Agonizing in its empathic power, this dramatic device can valuably promote
ideological purposes, as the Japanese government of the late-nineteenth
century acknowledged when it conscripted playwrights and acting companies
into its service. The result: weeping audiences watched in understanding
anguish as, one after another in play after play, a larger-than-life hero
from the past killed his own son to save the child of his lord; drying their
tears, theatergoers vowed to offer an equal sacrifice for the sake of their
born-again nation.
Less neat but more attuned to multiple markets, Air Force One waffles.
Only the have-it-all ending can explain Limbaughland's characterization
of the film ---
which in fact espouses no political position beyond a Kristol-clear commitment
to policing the world --- as part of the Clinton liberal agenda. Nevertheless, the
implication is that real men don't eat crow, even to save their family.
In a Cabinet-level constitutional debate to decide whether the Vice President
should take charge as Acting President, the clinching argument holds that
the incapacity of the commander-in-chief is obvious: he has abandoned his
official role and is behaving as a husband and father.
Old themes, new trappings. Unlike the war flicks of the 1940s, this one
is full of chicks. I tended to identify with them, providing yet another
prism for their already diffracted images to pass through. There are only
five of them. Pause the flailing fists and flying bullets for a moment,
and take the time to meet them.
The Wife appears first in her public guise, as sexless as a Sicilian grandmother,
her hair pulled back in an ice-maiden French roll, dressed in funeral black
(to attend the ballet?). Once within the haven of her husband's airplane,
she literally lets her hair down and slips into something more comfortable.
She's a quiet one, saying almost nothing but smiling supportively or reassuringly,
as the situation requires.
The Daughter enters stage right, mugging for the press. Still young, she
is allotted more lines than her mother, notably a feisty speech to the head
hijacker and a role-reversing word of encouragement to her father as he
tries frantically to fly his large plane. She's her daddy's little girl,
complaining to him with great seriousness about being excluded from a visit
to a refugee camp. In response, he rather sweetly confesses --- as fathers often
do when their daughters ask for equal opportunities or equal rights --- that he was trying
to shelter her from the world's unpleasantness.
The Chubby Little Office Worker, perhaps in a symbolic nod to female communication
skills, operates the fax machine at a crucial moment. An African American,
she is the adoring mammy who keeps the 1990s plantation running smoothly.
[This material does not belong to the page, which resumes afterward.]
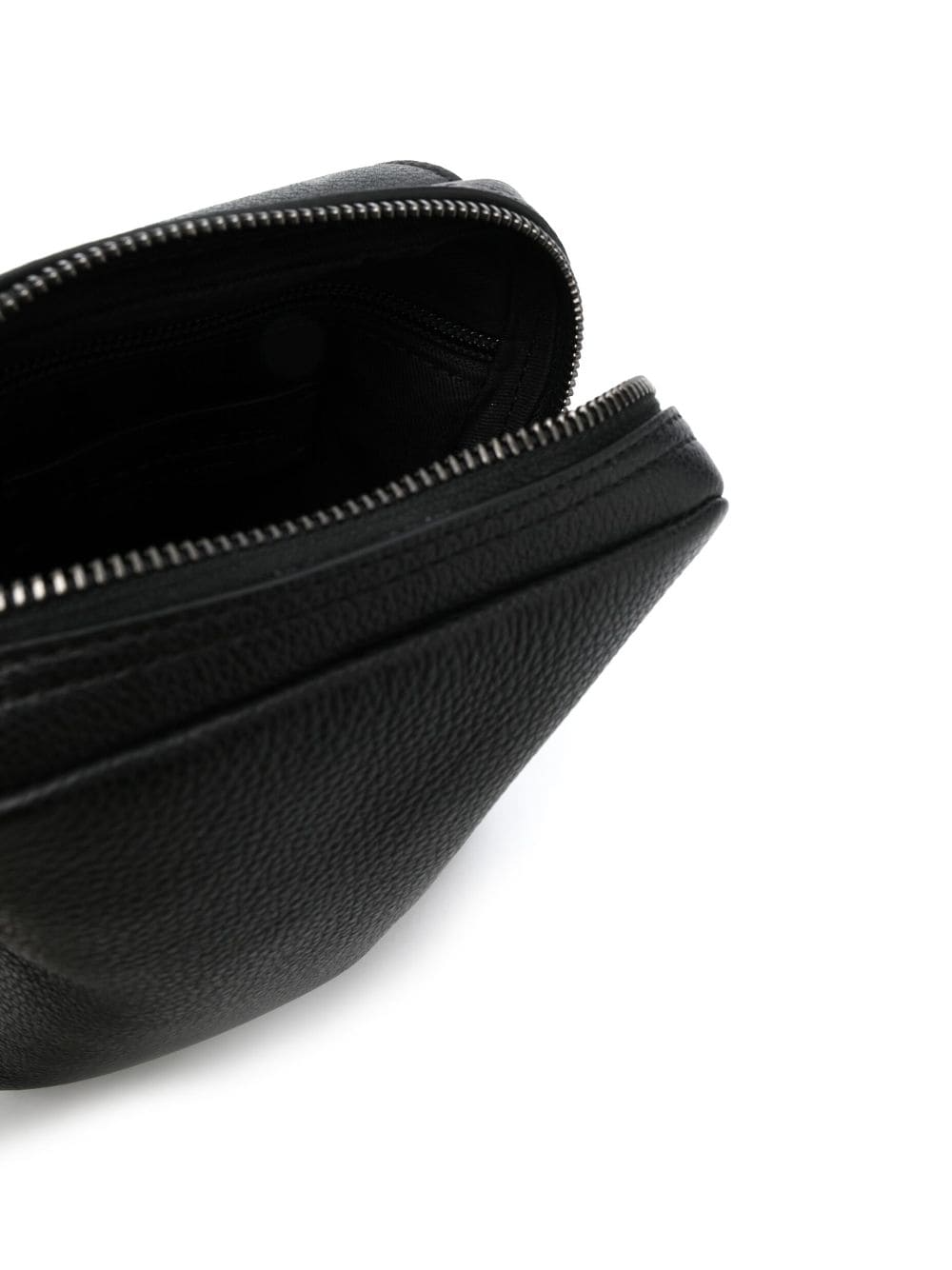 DSQUARED2 BAG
We last see her in midair, feet dangling, properly rewarded for faithful
service, as she parachutes to safety.
Even more embarrassing is the Young Career Woman, a kittenish press secretary
who diffidently ushers the disguised hijackers into the president's entourage.
Singled out for execution, the captors jam a pistol into her throat and
mock her niceness. She falls apart, filling her final minutes with feeble
whimpers. In contrast, the National Security Advisor, a suit, is awarded
a proper soldier's death, quick and clean.
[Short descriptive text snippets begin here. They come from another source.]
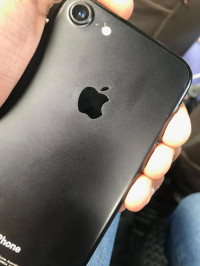 Apple  I phone 7
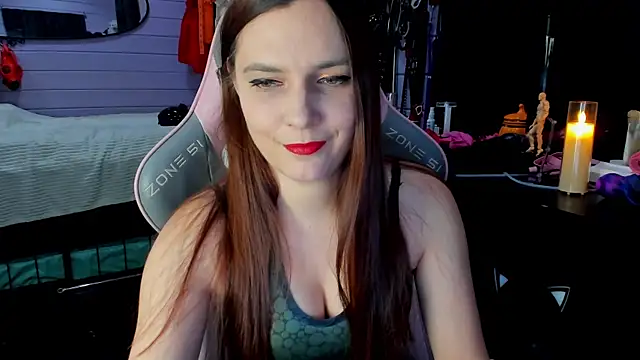 Stroynyash online show from March 3, 7:53 pm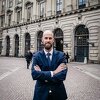 Švedski ministar upozorio građane na nenajavljene nestanke električne energije
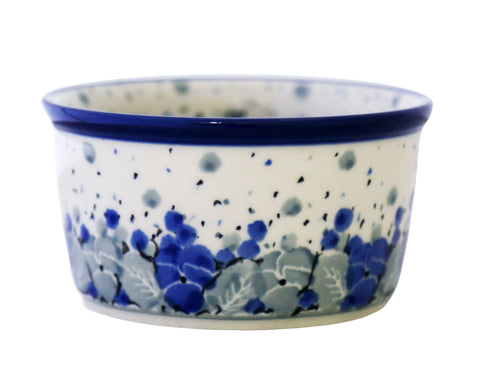 Unikat Ramekin Bowl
But the greatest ignominy is reserved for the Vice President. Square-jawed,
wearing a severe gray suit, her stoic reserve remains unshaken despite the
ad feminam taunts of the hijackers and the dismissive power plays
of her colleagues. To her is given the most highly charged moment of the
film when, hearing of the President's deliverance, she picks up the sheet
of paper that would have made her Acting President and tears it to shreds.
Her relief is almost palpable: the real man is back where he belongs.
In this parallel world, illumined by reflections from thousands of defective
mirrors, women exist to be attacked or protected by the men around them,
thereby in either case reinforcing male superiority and their own inferiority.
It's time to smash the mirrors and replace them with clear glass. In the
coming millennium, white men are going to need all the help they can get.
And I, for one, have my hammer ready.